Le Premier ministre russe Mikhaïl Mishustin, au centre, arrive pour une réunion élargie du Conseil russe pour le développement stratégique et les projets nationaux et des commissions du Conseil d'État au Kremlin, à Moscou le mercredi 29 mai 2024. [AP Photo/Dmitry Astakhov]

Le Kremlin tente actuellement de dresser un bilan idyllique de l’économie russe. Le 28 juin, le président Poutine a annoncé que le PIB du pays devrait croître de 5 pour cent cette année. Les salaires réels seraient également en hausse, tout comme les dépenses des ménages. Le taux de chômage officiel n'est que de 2,6 pour cent. Jusqu’à présent, comme Moscou le souligne régulièrement, l’OTAN n’avait pas réussi à détruire l’économie russe par des sanctions massives, des gels d’actifs et l’exclusion du pays des principaux marchés mondiaux.

La capacité de manœuvre du Kremlin dans le contexte d’une guerre mondiale qui s’intensifie rapidement est cependant très précaire. Avant tout, elle repose sur le fait de 1. faire payer à la classe ouvrière russe la lutte de l'oligarchie pour survivre et 2. contenir et réprimer l'opposition de masse à la guerre fratricide déclenchée non seulement par l'OTAN, mais par la restauration du capitalisme en URSS par les bureaucrates staliniens, dont Poutine est l’héritier.

Le moteur actuel de la croissance économique russe réside dans l’investissement massif de l’État dans les industries liées à la guerre. Cela canalise les profits vers les grandes entreprises et une couche restreinte de la population et épuise les finances russes. Les dépenses publiques de 2024 devraient désormais largement dépasser ce qui avait été approuvé précédemment, alors même que les revenus du secteur énergétique devraient diminuer de 768 milliards de roubles [8,75 milliards de dollars] cette année.
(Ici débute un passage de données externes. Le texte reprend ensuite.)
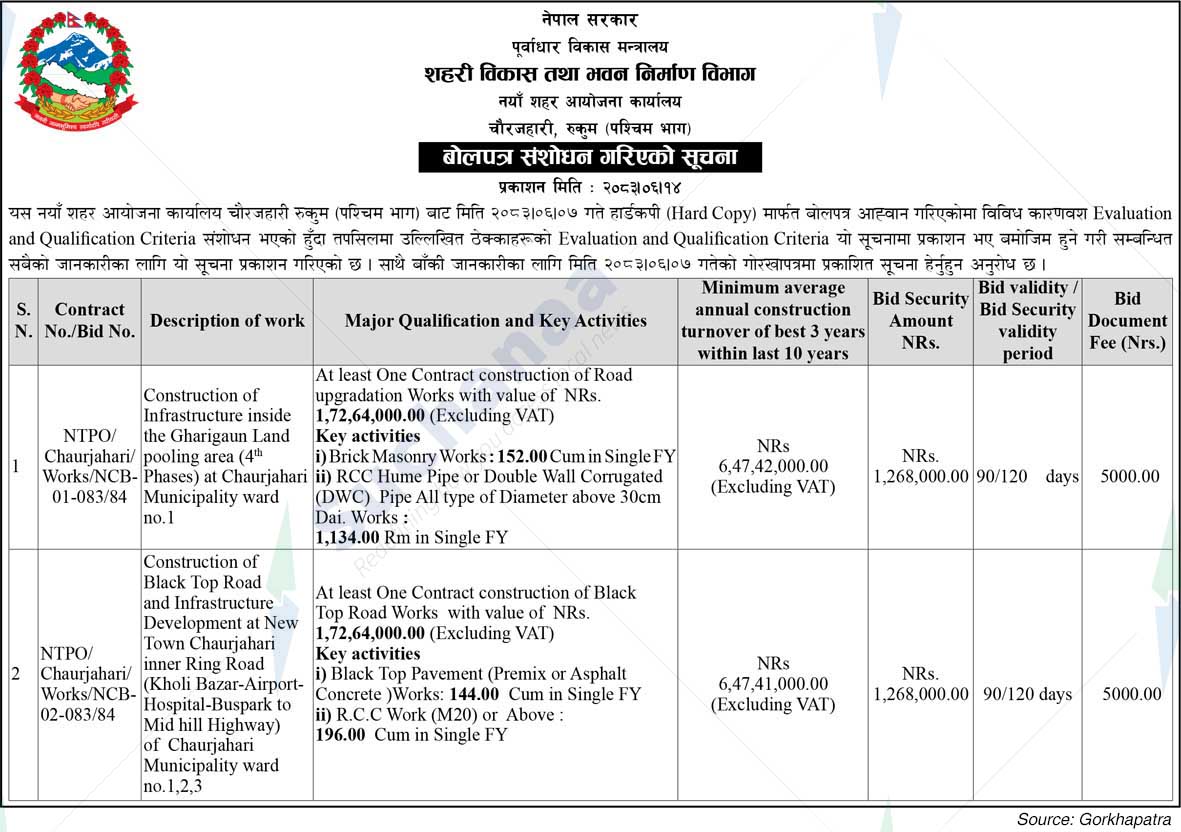 New Town Planning Office, Rukum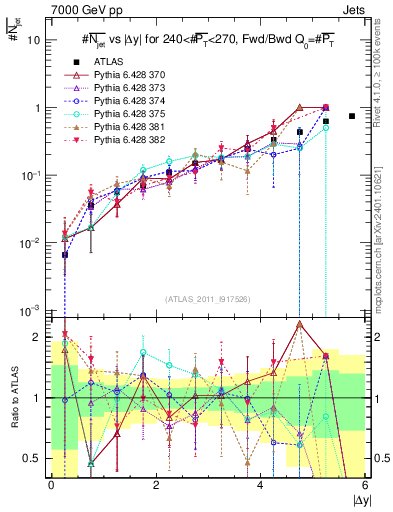 Plot of njets-vs-dy-fb in 7000 GeV pp collisions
Parallèlement, les liquidités du Fonds national de protection sociale, une réserve financière d'urgence, ont chuté de 44 pour cent entre janvier 2022 et décembre 2023. Entre 300 et 350 milliards de dollars d'actifs du gouvernement russe sont gelés sur des comptes étrangers.

La Douma réagit en approuvant l'augmentation des dépenses déficitaires, le Parlement autorisant une augmentation des emprunts pour 2024 de près de 33 pour cent, jusqu'à 2 120 milliards de roubles, contre 1 595 milliards de roubles estimés dans le budget initial. Le Kremlin apporte simultanément des changements à la structure fiscale, faisant passer le pays d'un système d'imposition forfaitaire à un système progressif, où à mesure que le revenu d'une personne augmente, sa charge fiscale augmente elle aussi.

Cela devrait rapporter entre 2,500 et 2,700 milliards de roubles supplémentaires (28 à 35 milliards de dollars aux taux de change actuels). Les hausses d'impôts pour les hauts revenus et les entreprises sont présentées à la population comme signe de la volonté du gouvernement de faire payer la guerre aux riches et d’augmenter, bien que de manière limitée et coûteuse en termes budgétaires, les retraites et les prestations sociales autorisées l'année dernière. La presse étrangère souligne également les prétendues «attaques contre les riches» de Poutine.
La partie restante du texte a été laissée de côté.